Directions for this task: Below are entries. Copy exactly the lines running from the line that holds "Image of Women's" to the line that holds "Growth word with", with both ends included.

Data for this exercise:
────────────────────
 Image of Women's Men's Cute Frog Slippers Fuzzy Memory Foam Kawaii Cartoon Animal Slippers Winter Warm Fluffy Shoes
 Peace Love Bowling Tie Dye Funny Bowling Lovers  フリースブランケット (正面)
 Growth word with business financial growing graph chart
────────────────────
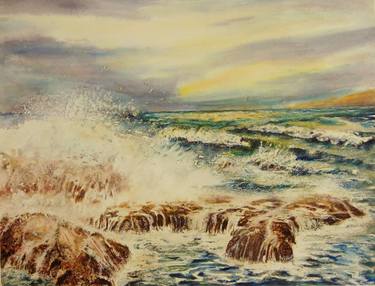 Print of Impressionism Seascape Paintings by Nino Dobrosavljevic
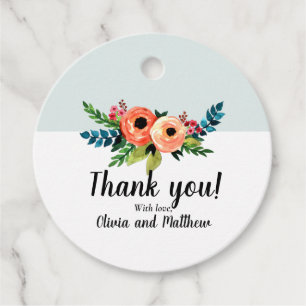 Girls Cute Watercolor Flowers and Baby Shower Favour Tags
────────────────────
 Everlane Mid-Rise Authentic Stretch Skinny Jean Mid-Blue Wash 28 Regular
────────────────────
Answer to the exercise:
 Image of Women's Men's Cute Frog Slippers Fuzzy Memory Foam Kawaii Cartoon Animal Slippers Winter Warm Fluffy Shoes
 Peace Love Bowling Tie Dye Funny Bowling Lovers  フリースブランケット (正面)
 Growth word with business financial growing graph chart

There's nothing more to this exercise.